大阪に着くとすでに12時。仕事先に行く前に昼を取ることができる。幸い阪急梅田の地下街がすぐにある。ここで探そう、とさ迷い歩く。いくつか気になる店があったのだが、見つけたのはカレー屋「インディアンカレー」。バーカウンタースタイルのカレーショップで、店構えはこぎれい、メニューはカレーとハヤシしかない。あとは卵のトッピング。この店が繁盛していた。サラリーマンのおっちゃんばかりではなく女性もかなり入っている。こういう店は美味いはずだ。列に加わり店に入ると、食券を買うことになっている。通常のカレーを注文する。大盛りを頼まないのは、いまいちだった場合、すみやかに他の店をはしごするためだ。
この店、店員の態度がよい。何がよいかというと、自分たちが供している食事がおいしいものであるということをよく理解していて、それを誇りにもちながらも、あくまで冷静に、客の邪魔にならないようにサービスをしていることがわかるからだ。不味い店で、従業員がそれを認識していて、かつ自分の仕事が淡々とその不味いものを出すことだと割り切っている店には、このピンとした空気は漂わない。これはイけるな、と確信した。 すぐに席が空き、並べられたカレーを見てそれが真実であることを知った。かなり盛りのよいライスに、インディアンといいつつもトロミの強いルーがかかっている。色は淡い。匙で一口目を味わう。最初に甘味を感じ、すぐにその色からは創造できない辛味が立ち上がる。こういう路面店で、客が辛さを指定できないカレーとしてはかなり辛い。そして、とても旨い!付け合せは福神漬けではなくキャベツの甘酢漬けだが、この相性がまたいい。一気呵成に食べてしまった。

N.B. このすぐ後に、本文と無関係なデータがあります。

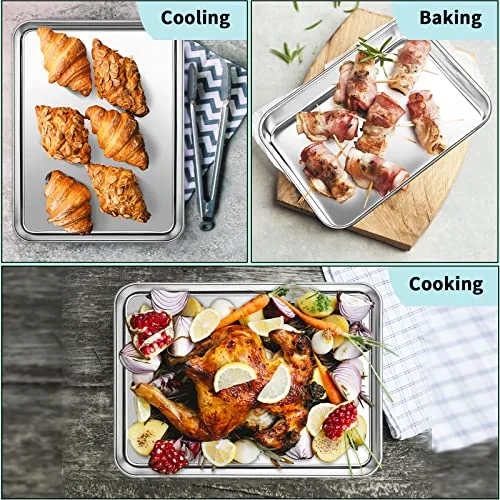 quarter sheet pan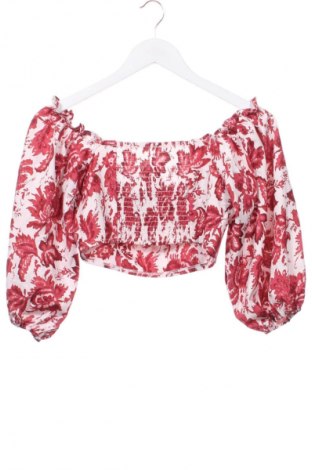 Dámská halenka SHEIN, Velikost S, Barva Vícebarevné, Cena  119,00 Kč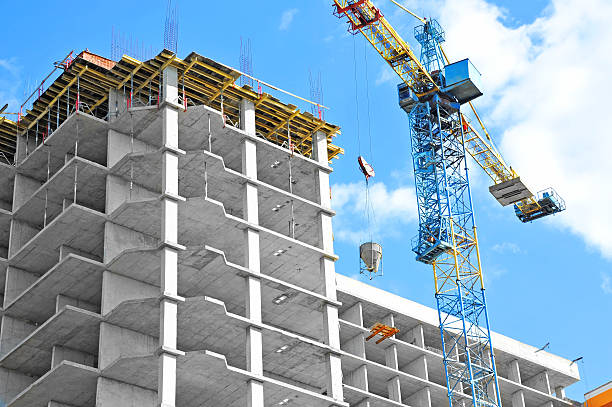 Best Concrete Foundation Installation  in Brightwood, VA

正直、大盛りを頼まなかったことを後悔した。でも、また大阪にきたときの楽しみが増えた。この店、東京に出ないかなぁ、、、
蛇足だが、しばらく前に東京の蒲田で食べたおいしいシナそばとカレーの店も「インディアン」だ。このキーワード、押さえておこう。
すばらしい気分で店を出て、もう少しお腹に入れたいなぁと思い、もうひとつ気になっていた代わりカツ丼の店へ。いろんなトッピングができるのだが、大きなミスを犯した。キムチマヨネーズなるものを選んでしまったのだ。運ばれてきたのは、キムチ味のマヨネーズソースが豚カツにかかっただけのもの。ひたすら咀嚼し、すぐに店をでた。でも、インディアンカレーの味と香りはきっちりと舌の記憶に残っていた。
このWebはいわゆるグルメではありません。味や価格だけではない「よい食事」とは何かを追求するためにひたすら食い倒れる記録です。私の嗜好に合う人しか楽しめないと思いますがあしからず。